Masquerade - Mid vs Spun Sugar
Where Masquerade - Mid belongs to Little Greene's range, Spun Sugar is a Sherwin-Williams color. Both sit in the beige family, which is useful context if you're narrowing within a single hue direction. Spun Sugar (LRV 68) reflects noticeably more light than Masquerade - Mid (LRV 63), a difference of 5 points that becomes especially apparent in rooms with limited natural light. Masquerade - Mid runs red while Spun Sugar is decidedly warm, which means they'll respond very differently to warm vs cool light sources. The ΔE 3.4 gap is real but not dramatic — close enough to use together, distinct enough to matter as a choice. Below you'll find 1 real-room photo comparison where both colors appear side by side, plus 5 simulated room previews.
Masquerade - Mid vs Spun Sugar in Real Spaces
1 real room side by side. Masquerade - Mid and Spun Sugar are close enough that the difference can be hard to judge from a chip alone — these photos show how each reads at scale, across different spaces and lighting conditions.
Living Room
In a living room, color works across both daylight and evening light — the same wall can read very differently at noon and at 8pm. The brightness difference is modest but present — Spun Sugar gives the walls a little more lift.
Color Details
Masquerade - Mid vs Spun Sugar Simulated Comparison
5 simulated room previews — drag the slider on each to see Masquerade - Mid on one side and Spun Sugar on the other.

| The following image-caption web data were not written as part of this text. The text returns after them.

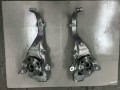 Mercedes S 222 4Matic Zwrotnica Piasta ORYG NOWA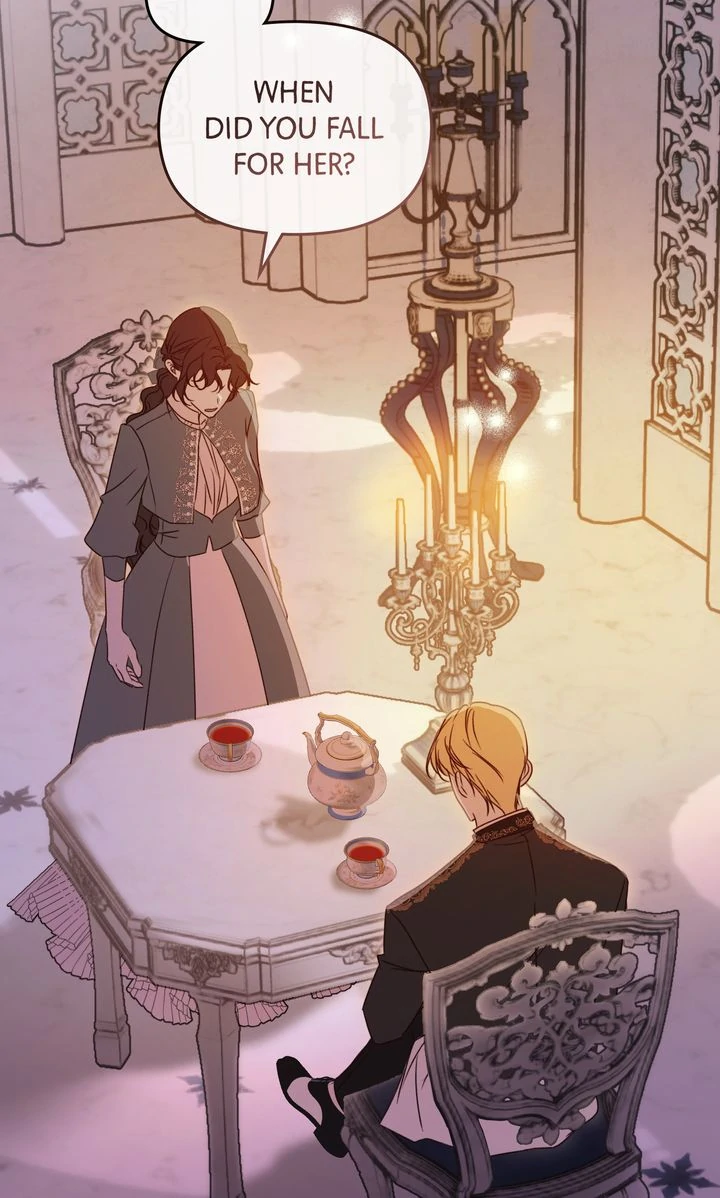But Please, Help Me Chapter 46 page 113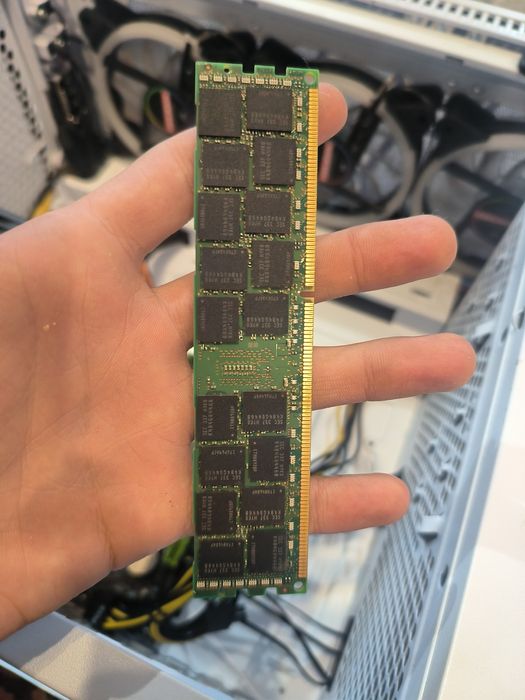 Продам запчасти на компьютер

Digital color is approximate. These simulations are generated from the manufacturer's hex values and overlaid on grayscale room photos — your screen's calibration, brightness, and viewing angle all affect how they render. Before committing to either color, test physical samples in your own space under the light you actually live with.
More Masquerade - Mid comparisons
See how Masquerade - Mid stacks up against other well-photographed colors across different brands and tones.